WHAT IS EXPECTED:
Your response should contain exactly the lines running from the one with "Maison à SAINT-NAZAIRE" to the end of the data below, both included, and no pictures.

EXCERPTED DATA:
= = = =

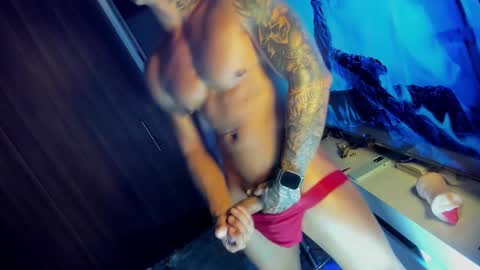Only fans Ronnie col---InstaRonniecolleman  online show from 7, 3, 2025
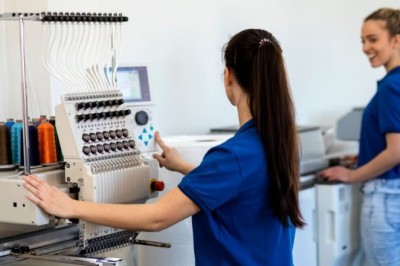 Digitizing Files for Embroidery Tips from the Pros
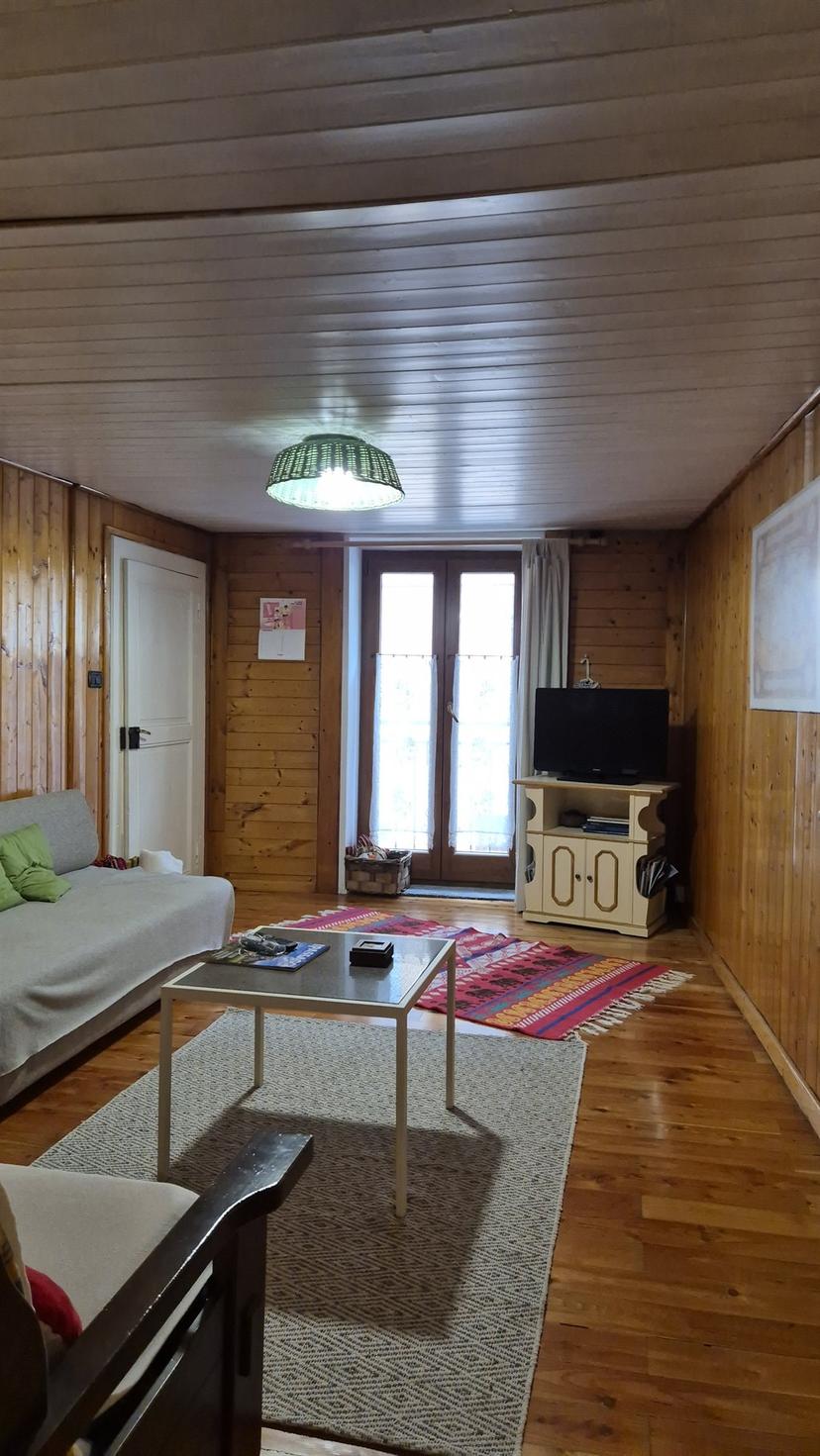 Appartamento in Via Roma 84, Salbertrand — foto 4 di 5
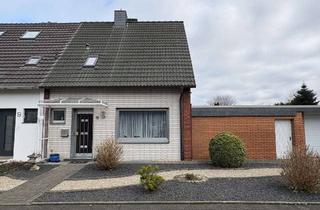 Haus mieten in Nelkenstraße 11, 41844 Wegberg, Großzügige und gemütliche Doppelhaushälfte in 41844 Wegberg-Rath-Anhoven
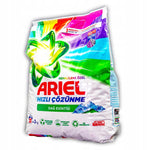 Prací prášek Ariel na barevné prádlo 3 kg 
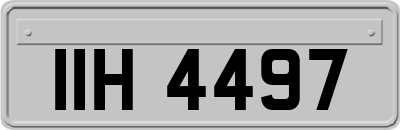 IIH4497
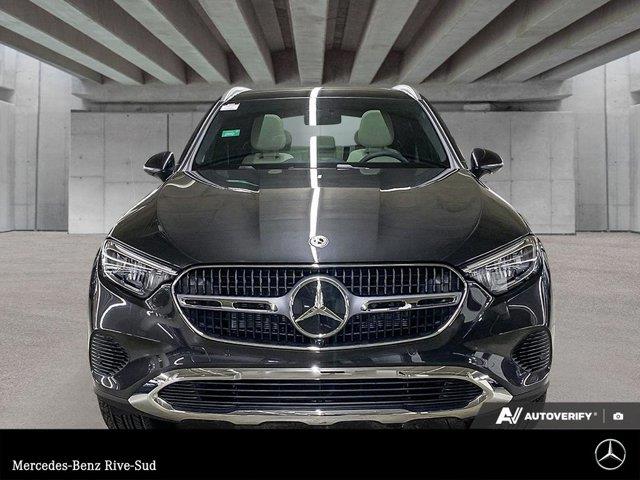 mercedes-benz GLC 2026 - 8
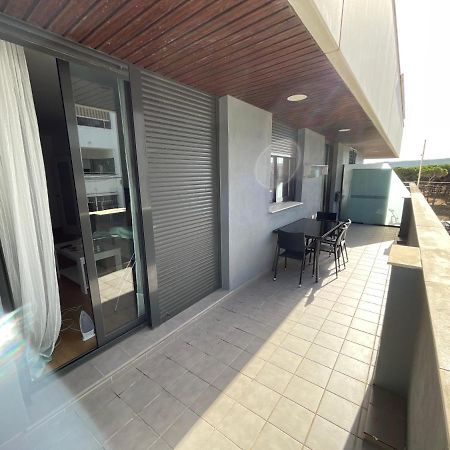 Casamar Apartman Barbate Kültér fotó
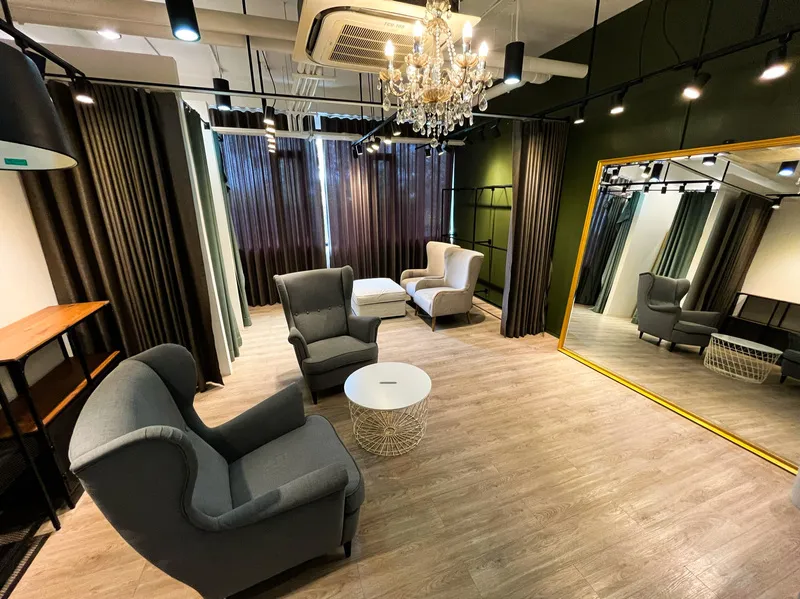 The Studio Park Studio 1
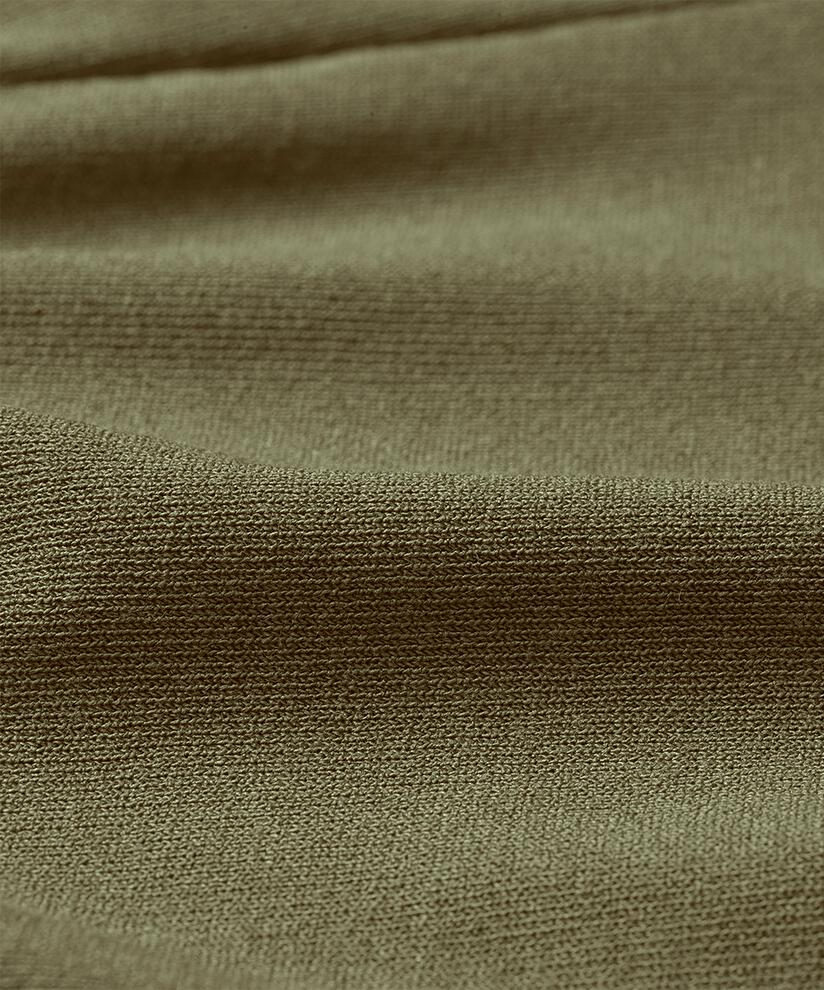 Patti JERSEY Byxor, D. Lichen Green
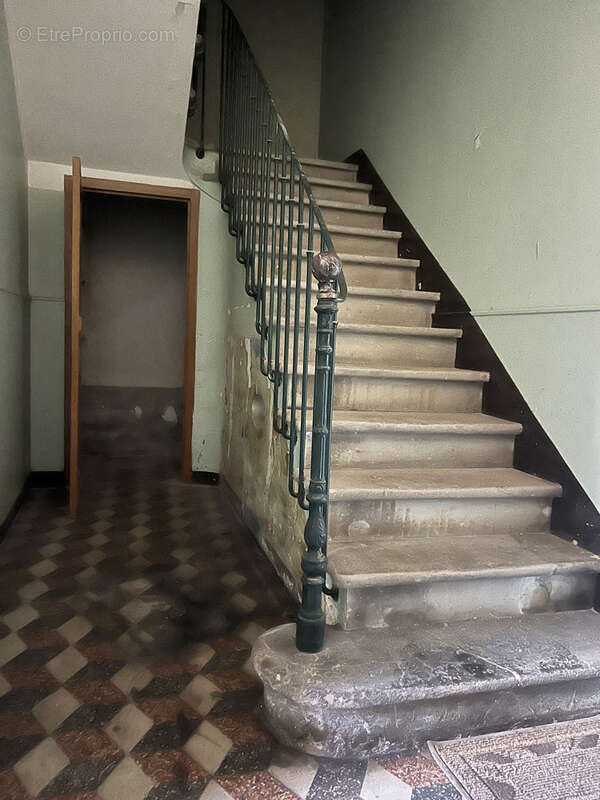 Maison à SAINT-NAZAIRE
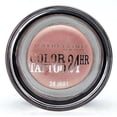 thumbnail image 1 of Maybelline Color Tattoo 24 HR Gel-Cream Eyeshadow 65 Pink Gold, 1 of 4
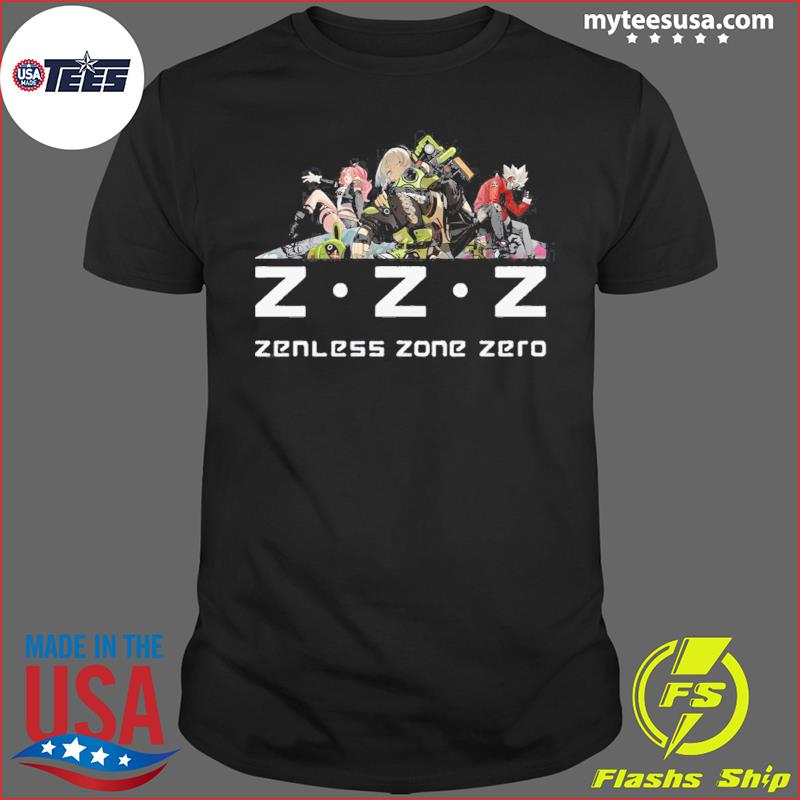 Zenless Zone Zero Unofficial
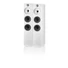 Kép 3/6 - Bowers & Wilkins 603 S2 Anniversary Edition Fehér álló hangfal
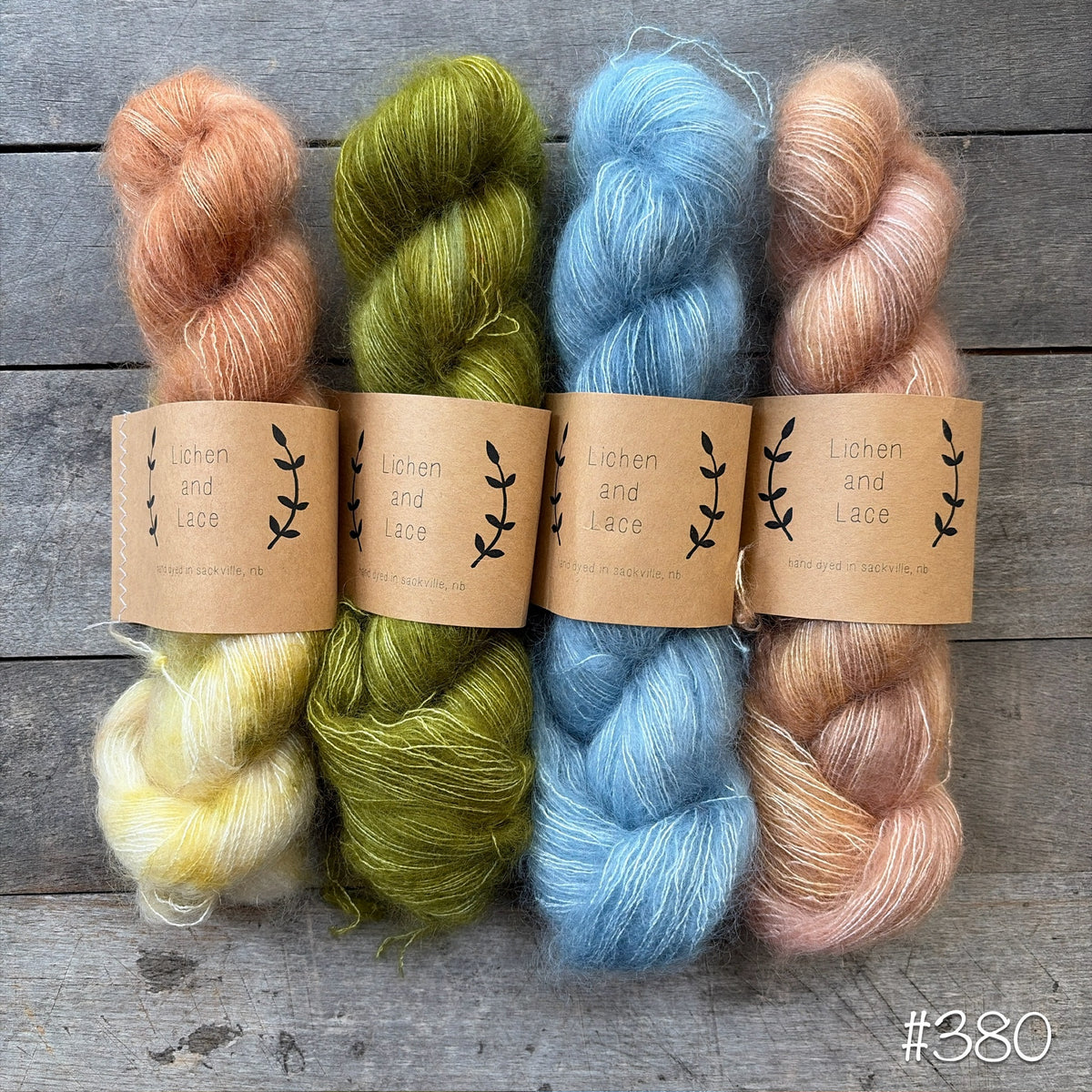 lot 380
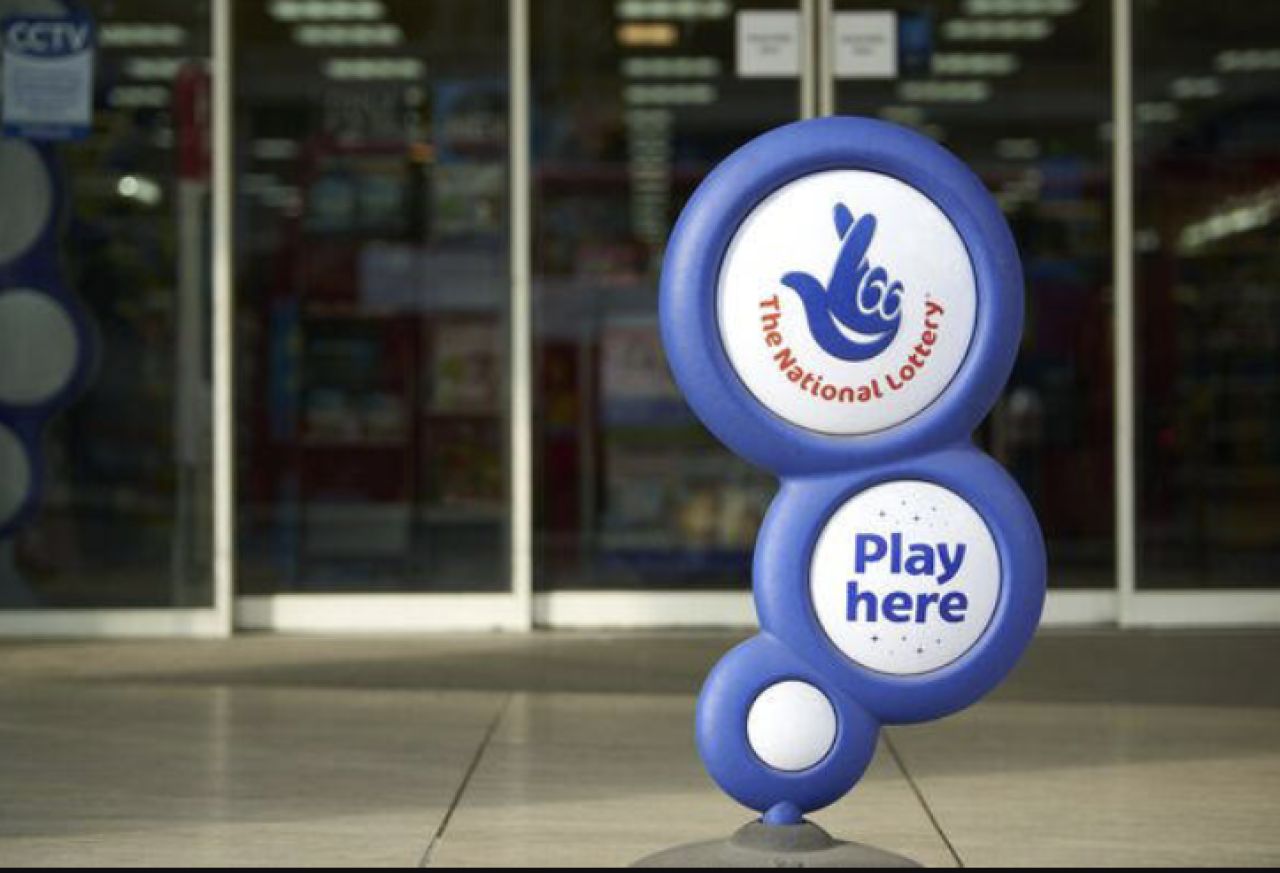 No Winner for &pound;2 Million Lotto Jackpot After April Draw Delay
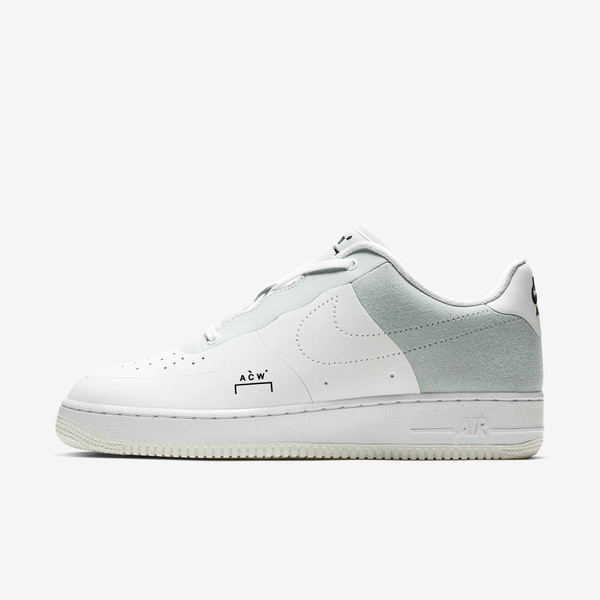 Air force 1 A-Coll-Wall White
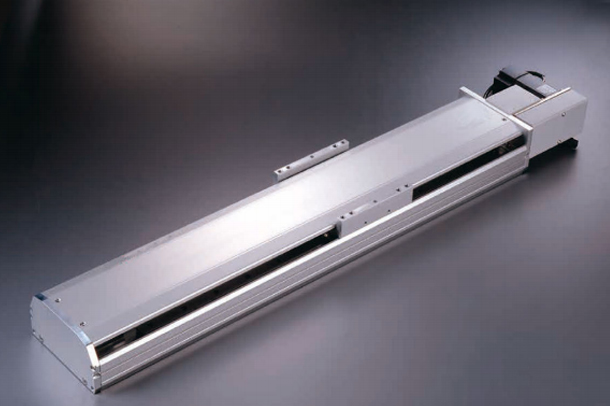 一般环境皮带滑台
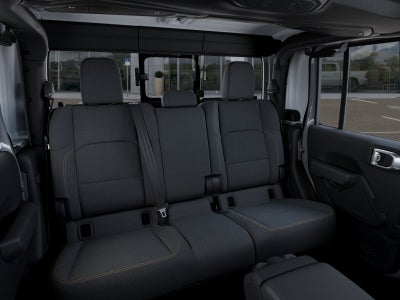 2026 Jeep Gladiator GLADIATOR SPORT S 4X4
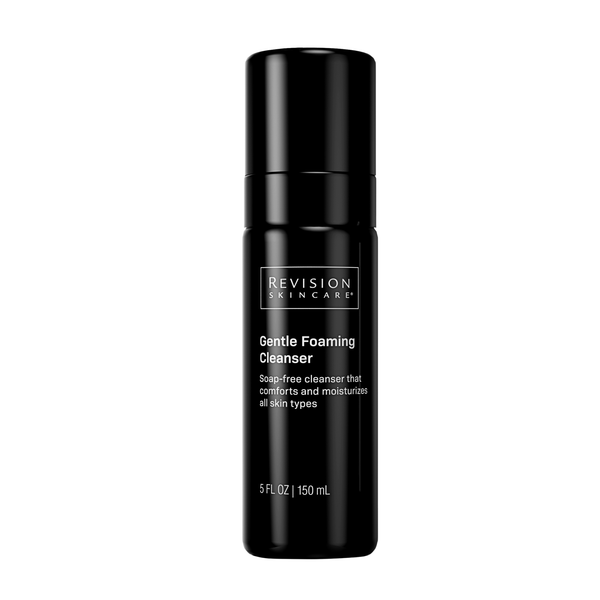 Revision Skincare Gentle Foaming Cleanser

= = = =

RESULT:
 Maison à SAINT-NAZAIRE
 thumbnail image 1 of Maybelline Color Tattoo 24 HR Gel-Cream Eyeshadow 65 Pink Gold, 1 of 4
 Zenless Zone Zero Unofficial
 Kép 3/6 - Bowers & Wilkins 603 S2 Anniversary Edition Fehér álló hangfal
 lot 380
 No Winner for &pound;2 Million Lotto Jackpot After April Draw Delay
 Air force 1 A-Coll-Wall White
 一般环境皮带滑台
 2026 Jeep Gladiator GLADIATOR SPORT S 4X4
 Revision Skincare Gentle Foaming Cleanser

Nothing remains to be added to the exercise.